In addition to the HCMSQ, several other PRO instruments were administered in the EXPLORER-HCM study, including the Kansas City Cardiomyopathy Questionnaire-23 (KCCQ-23) [17, 18, 21], the EuroQol visual analogue scale (EQ VAS) [22], the PGIS, and the Patient Global Impression of Change (PGIC). The KCCQ-23 asks respondents to describe the frequency and severity of symptoms, physical and social limitations, and how they perceive that their heart failure symptoms impact their quality of life. It includes 23 items, has a recall period of 2 weeks, and produces individual scores for each of the seven domains (symptom burden, symptom frequency, physical limitation, quality of life, social limitation, self-efficacy, and symptom stability). In addition, it generates a total symptom score, which combines symptom burden and symptom frequency scales, and two summary scores—the clinical summary score is the sum of the total symptom score and physical limitation scales; the overall summary score is the sum of the total symptom score, clinical summary score, social limitation, and quality of life scales [21]. All scores are transformed into a score ranging from 0 to 100, with higher scores reflecting better health status. The EQ VAS records respondents’ self-rated health on a vertical, graduated (0–100) VAS, whereby 0 represents worst health imaginable and 100 represents the best health imaginable. Higher scores indicate better quality of life [22]. The PGIS is a single-item questionnaire that asks respondents to rate their overall symptom severity in the past week on a 5-point rating scale (from 1 [no symptoms] to 5 [very severe]). Higher scores indicate greater severity (see also Supplementary Methods in the ESM). The PGIC is a single-item questionnaire that asks respondents to rate their overall change in symptom severity compared with their status at randomization over time on a 7-point rating scale (from 1 [very much improved] to 7 [very much worse]). Higher scores indicate a change for the worse (see also Supplementary Methods in the ESM).

The PGIS was administered electronically at screening, and both the PGIS and the PGIC were administered electronically at the week 6, 10, 14, 18, 22, 26, 30, and 38 study visits. The other PROs (KCCQ-23 and EQ VAS) were administered electronically at the baseline, week 6, 12, 18, 30, and 38 study visits on the same devices. The scoring for the KCCQ-23 instrument and the EQ VAS was carried out according to the procedures described by their respective scoring manuals; patients with missing forms at a visit were excluded from the analysis at that time point.

2.3 HCMSQ Psychometric Analyses

Longitudinal psychometric analyses of the HCMSQ and derivation of a responder definition specific to the HCM population were conducted in line with FDA guidance [13]. This psychometric analysis outlines the longitudinal measurement properties focusing on change from baseline, using baseline and week 30 data from the EXPLORER-HCM trial; supplemental analyses also included data from weeks 6 and 18. The following scores were evaluated per the scoring algorithm (see also Supplementary Tables S1 and S2 in the ESM): shortness of breath (items 1–3 and 6), tiredness (item 7), cardiovascular symptoms (items 8–10), and total score. Item 11 (syncope) is not included in the total score. The decision to exclude syncope from the total score was due to its low occurrence in the patient population; from a psychometric evaluation perspective there was not enough variation in this item response to be included in the total score. However, because it provides relevant information about patient experiences with HCM, it remains part of the scale. Following results from Rasch modeling, items 4 and 5 are not included in the scoring of any domain or total scores, and will be removed in future administrations of the HCMSQ [16].
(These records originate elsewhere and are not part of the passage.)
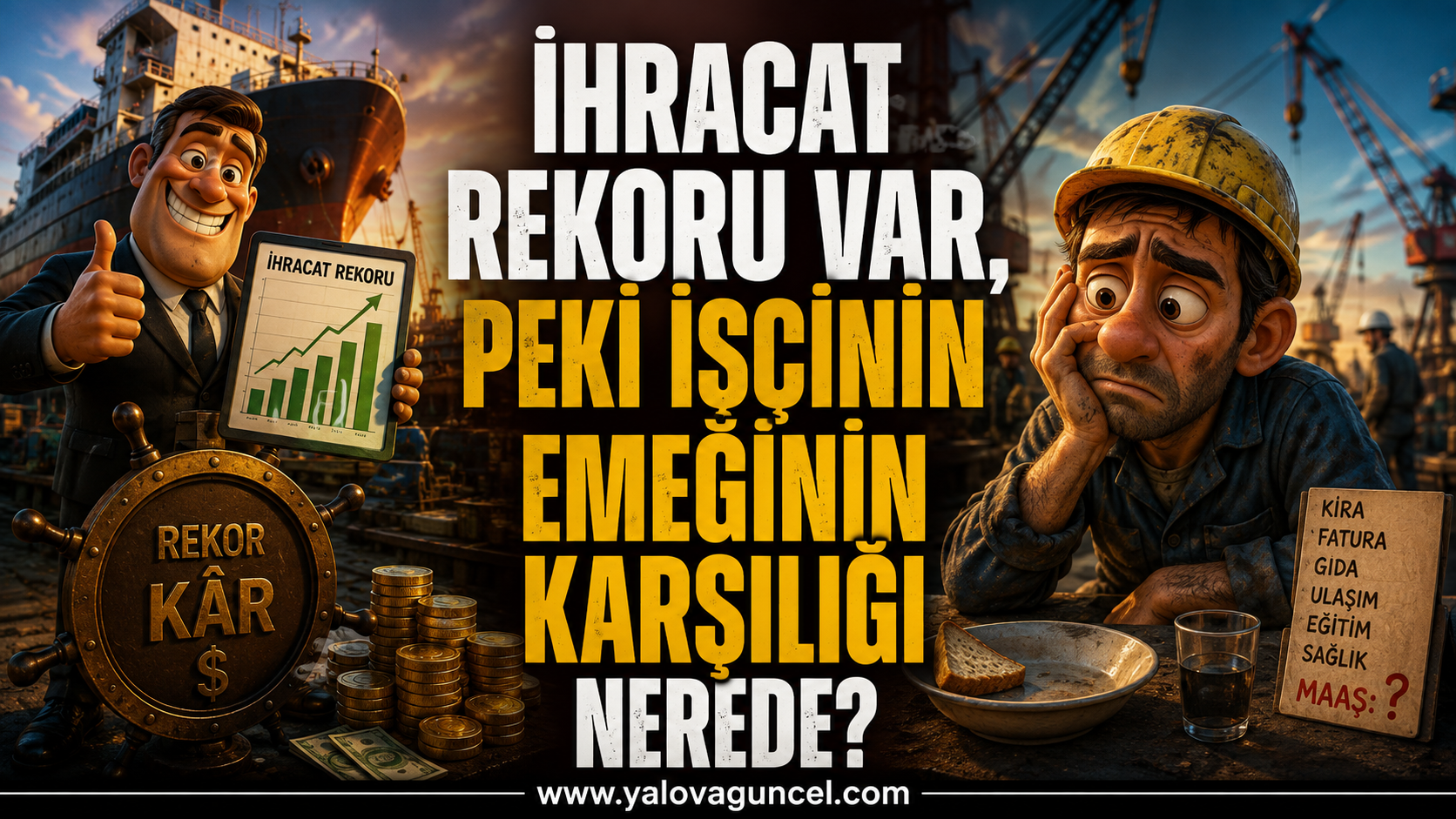 Yalova İhracatta Tarihi Rekor Kırdı Peki Ya İşçinin Cüzdanı?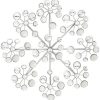 factory direct deco 79 metal starburst home wall decor wall sculpture with crystal embellishment, wall art 16" x 2" x 16", silver volume discount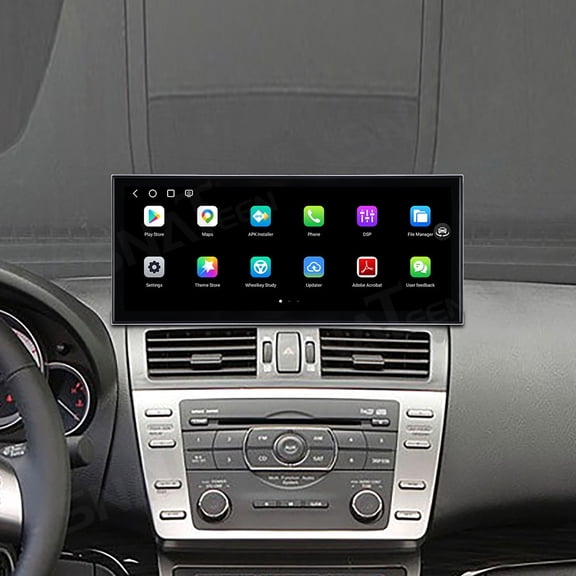 SNATEEN 15.8 inch Carplay Screen/Radio/Multimedia Player for Mazda 6 2004-2015 Car Navigation/GPS Upgrade Headunit Android Display 1080P Touch Screen Receiver Replace System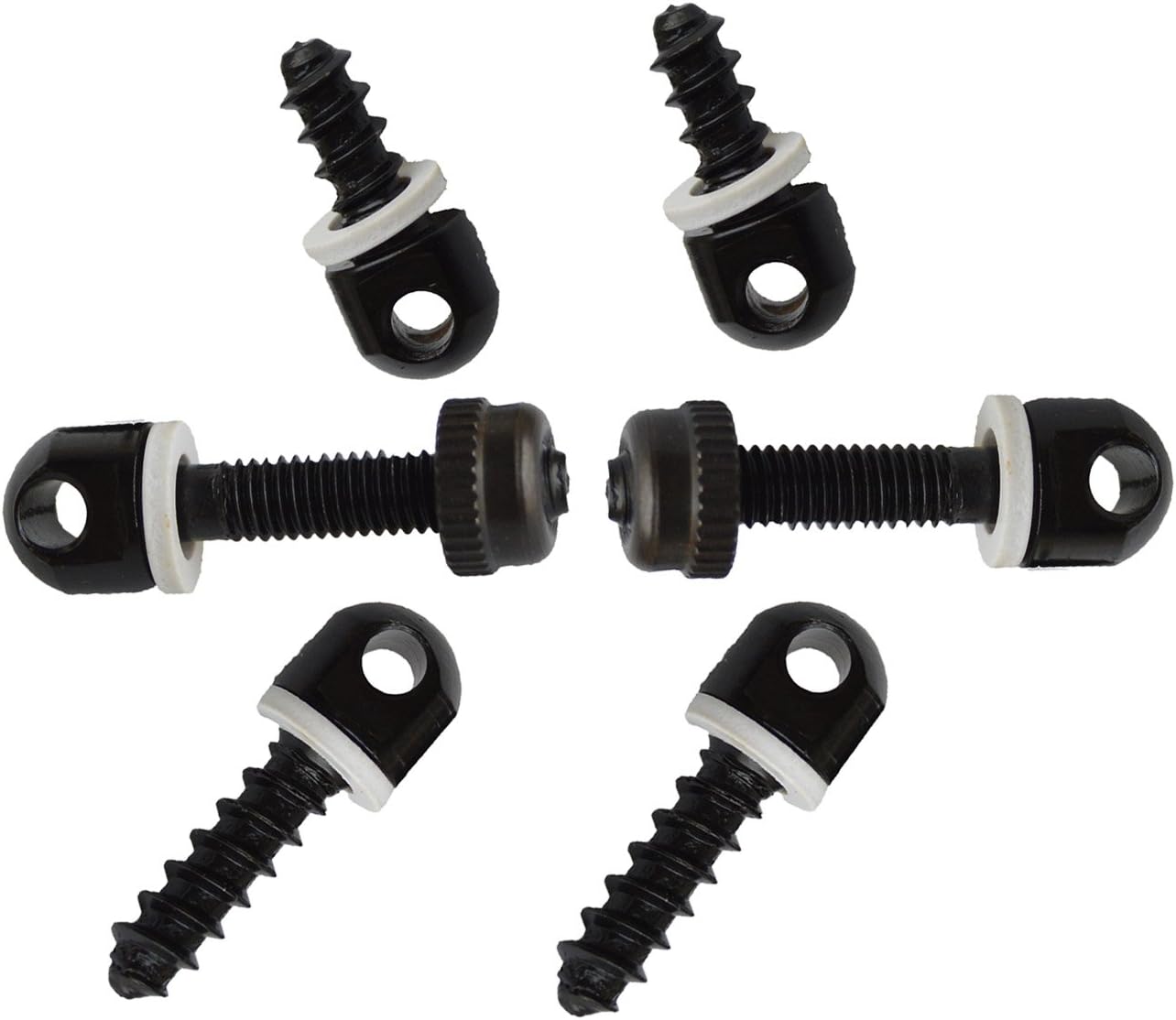 Hongmei Outdoors Sling Swivel Screws Wood Screw Studs Set Bipod Base Gun Sling Mounting Kit Pack of 6 (6PC/2SET)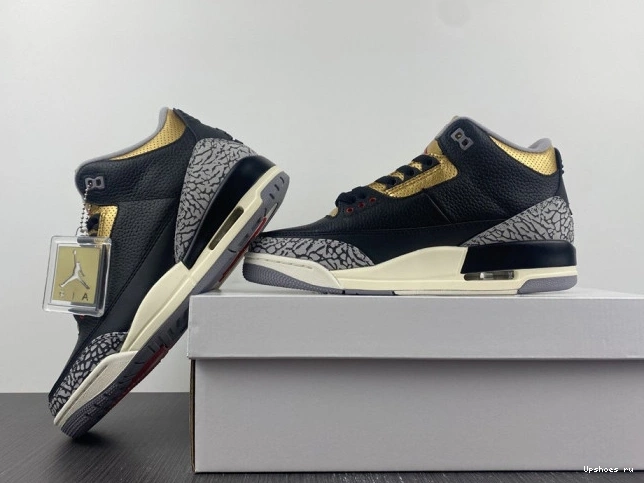 Jordan “Black Air 3 Gold” CK9246-067 WMNS 0828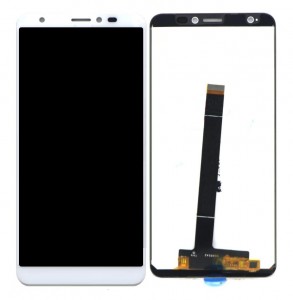 Lcd With Touch Screen For Lava Iris 88 White By - Maxbhi Com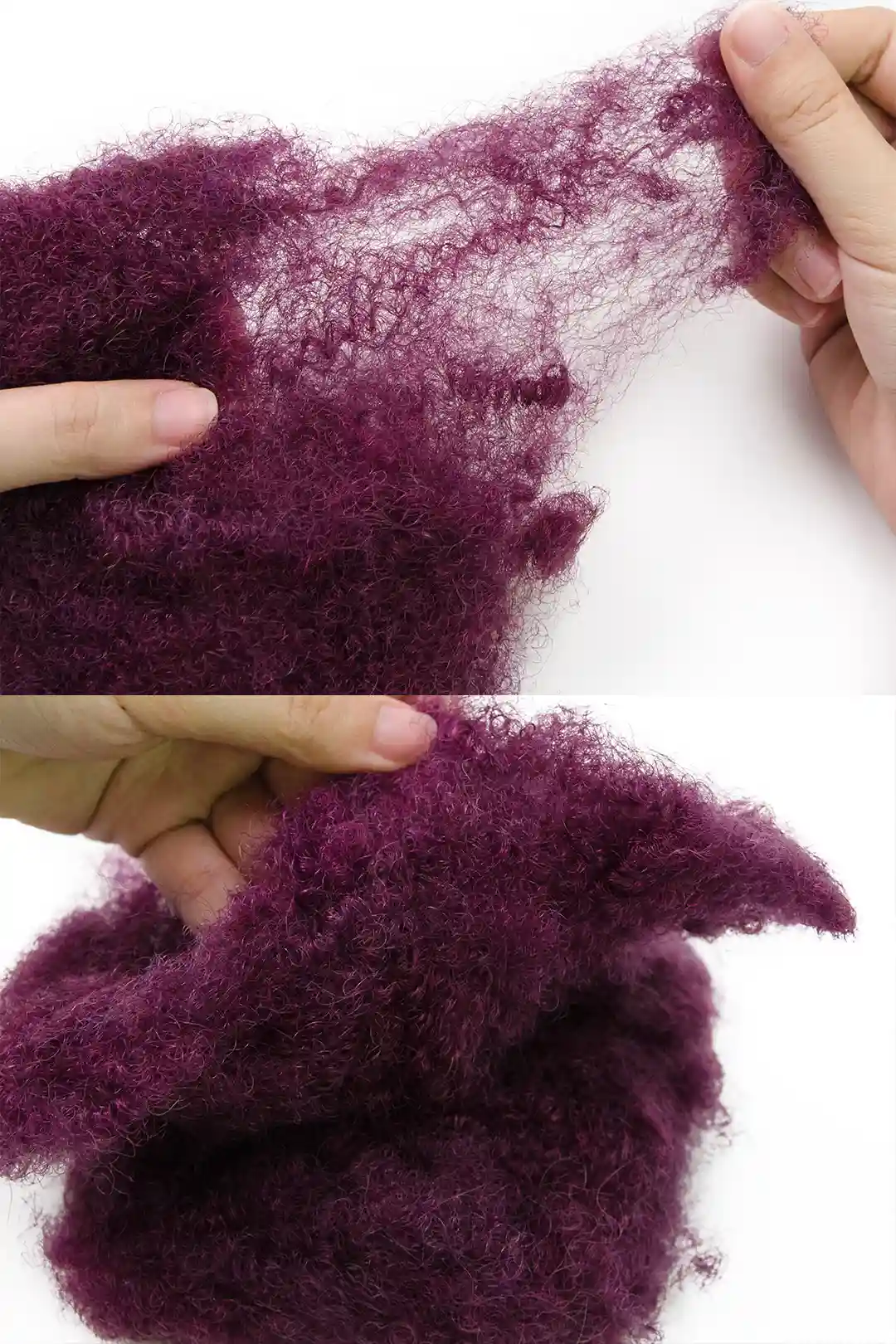 Purple Afro Kinky Hair Bulk for Locks and Braiding - Image 3
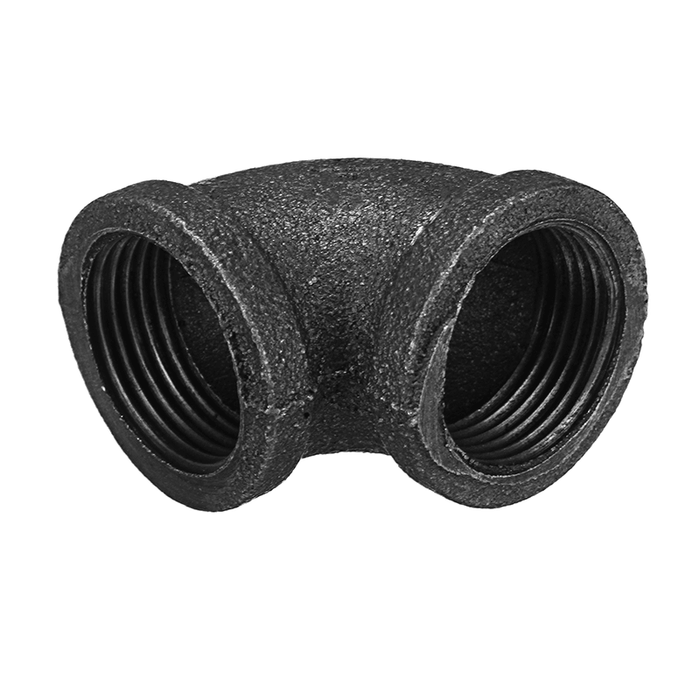 1/2" 3/4" 1" Elbow 90 Degree Pipes Fittings Malleable Iron Black Female Connector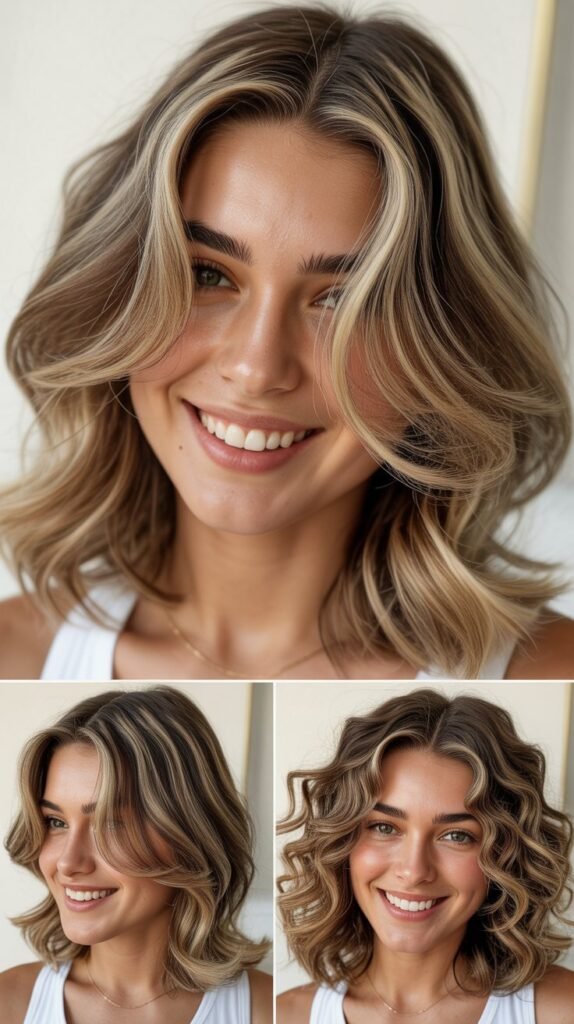 offee Blonde with Curved Framing Layers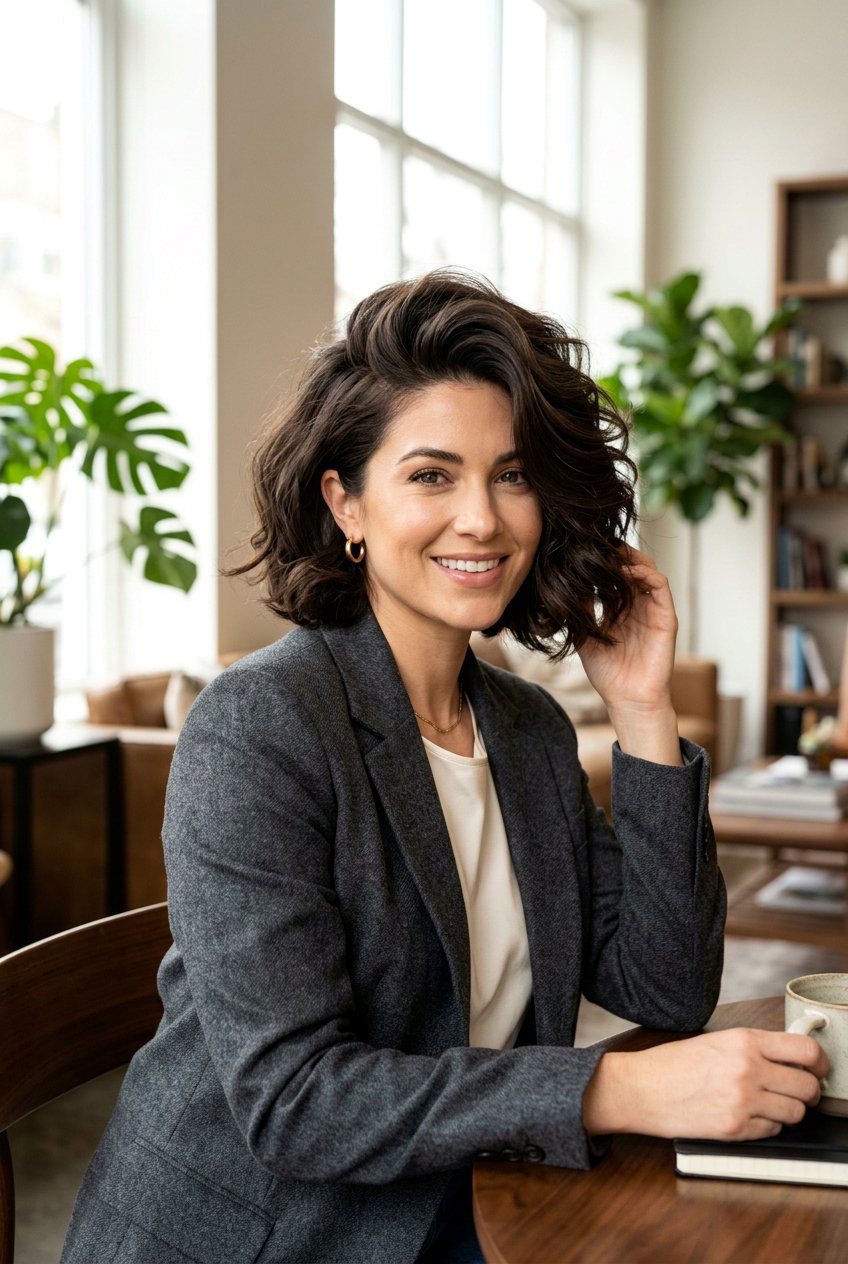 Side Swept Voluminous Bob - 20 haircuts for thinning crown - 20 haircuts for thinning crown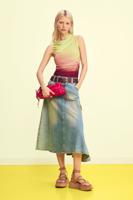 Asymmetrische gedrapeerde top - GREEN - XS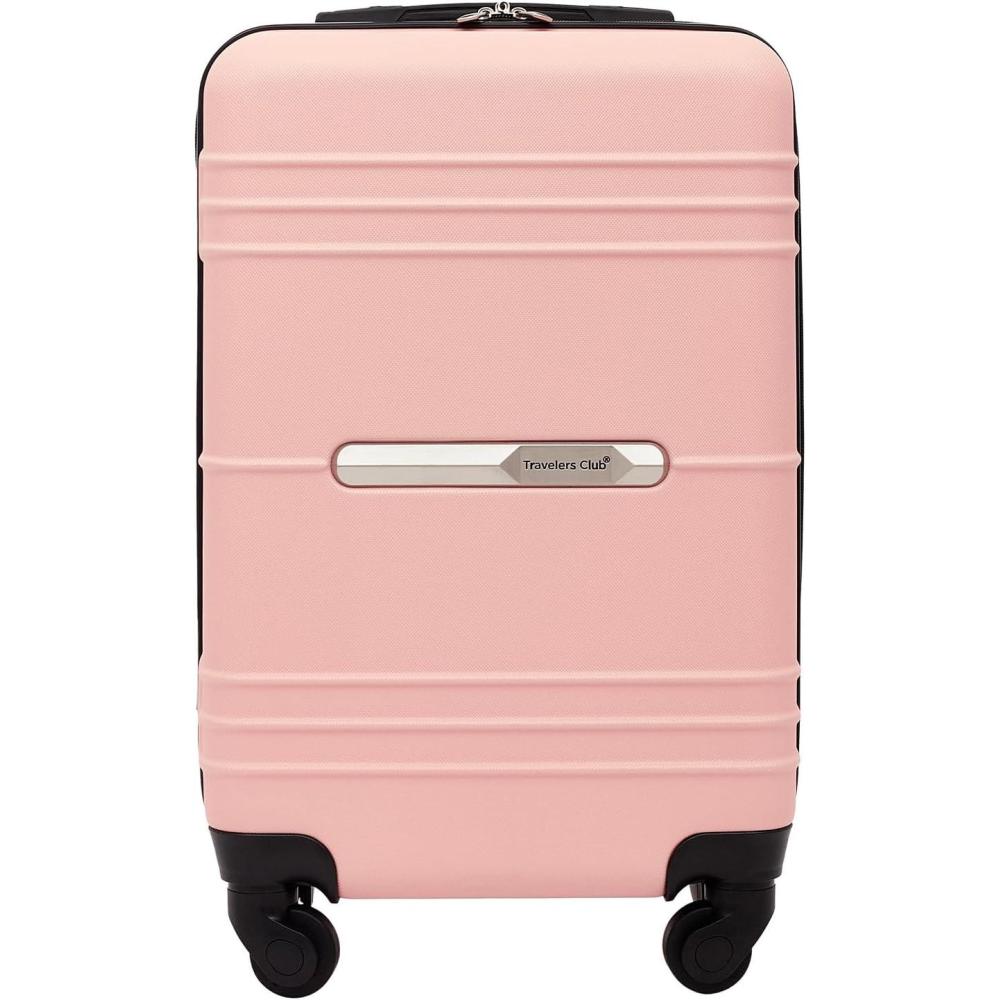 imageTravelers Club 20quot Richmond Spinner CarryOn Luggage Bone Inch TC7920900Rose Gold
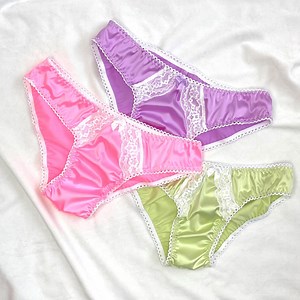 Sissy Satin Panties, Satin Panties for Men, Sissy Panties, Crossdresser, Feminine Men's Satin Panties With Ruffles for Men, Satin Briefs - Etsy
2.3.1 Test–Retest Reliability

Test–retest reliability is the extent to which an instrument yields consistent, reproducible estimates of a patient’s health status in a stable population. Test–retest reliability of the HCMSQ was evaluated by calculating agreement-based intraclass correlation coefficients (ICCs) using a two-way mixed model among a subgroup of stable patients. Stable patients were defined separately in two analyses: first using the PGIC (i.e., patients who reported “no change” on the PGIC at baseline and week 6, week 6 and week 18, and week 18 and week 30), and second using the PGIS (i.e., patients who endorsed the same response at both baseline and week 6, week 6 and week 18, and week 18 and week 30). ICC values > 0.7 were considered evidence of test–retest reliability in both analyses [23, 24].

2.3.2 Sensitivity to Change/Responsiveness

Sensitivity to change refers to the extent to which the instrument can detect true change in patients known to have changed in clinical status. It was examined via correlations between change scores and via tests of differences between ordinal change categories.

2.3.2.1 Correlations Between Change Scores

Spearman correlation coefficients were calculated between changes from baseline to week 30 in the HCMSQ domain/total scores, and changes from baseline to week 30 in the domain scores for the KCCQ-23 overall summary, clinical summary, and total symptom scores, and EQ VAS score. Moderate correlations (r  0.3) were considered evidence for sensitivity to change.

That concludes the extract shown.